Ainsi, la contestation de la requérante portant sur le chef de redressement « Frais professionnels non justifiés – principes généraux » ne peut être favorablement accueillie par le tribunal.
Dans ces conditions, il y a lieu de confirmer la décision de rejet rendue le par la commission de recours amiable de l’URSSAF [10].
Les dépens de l’instance seront mis à la charge de la SARL [6] qui succombe en ses prétentions et sa demande relative aux dispositions de l’article 700 du code de procédure civile est rejetée.

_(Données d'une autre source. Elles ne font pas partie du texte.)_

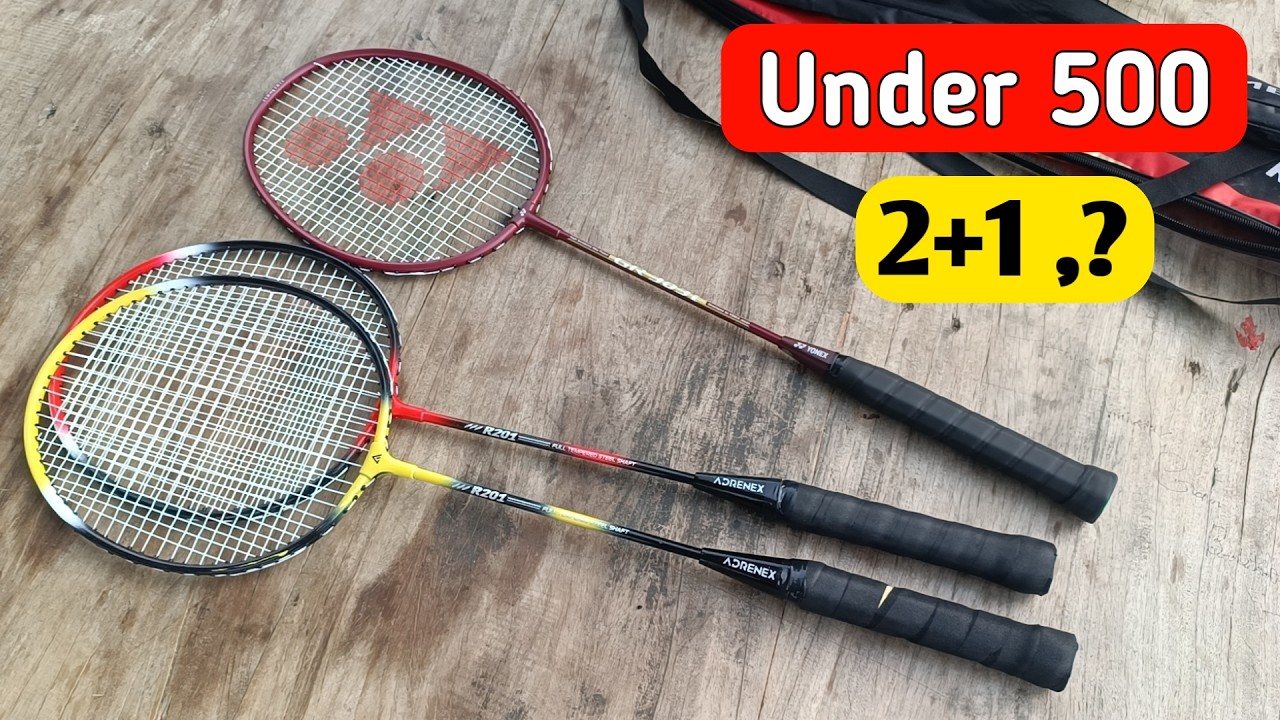 best badminton racket under 500 pack 2+1 #yonex #adrenex #lining # ...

Compte tenu de la nature et de l’ancienneté du litige, il y a lieu d’ordonner l’exécution provisoire de la présente décision.
PAR CES MOTIFS,
Le tribunal, statuant par jugement contradictoire, en premier ressort :
— DÉBOUTE la SARL [6] de son recours à l’encontre de la mise en demeure du 12 janvier 2022 consécutive au redressement opéré par lettre d’observations du 10 novembre 2021 pour la période contrôlée de l’année 2018, 2019 et 2020 ;
— CONFIRME le bien fondé de l’ensemble des redressements contestés;
— CONDAMNE la SARL [6] à payer à l’URSSAF [10] la somme de 7788 € dont 495 € de majorations de retard ;
— CONDAMNE la SARL [6] aux dépens de l’instance ;
— REJETTE le surplus des demandes
— ORDONNE l’exécution provisoire de la présente décision ;
— DIT que tout appel de la décision doit, à peine de forclusion, être interjeté dans le mois de la réception de sa notification.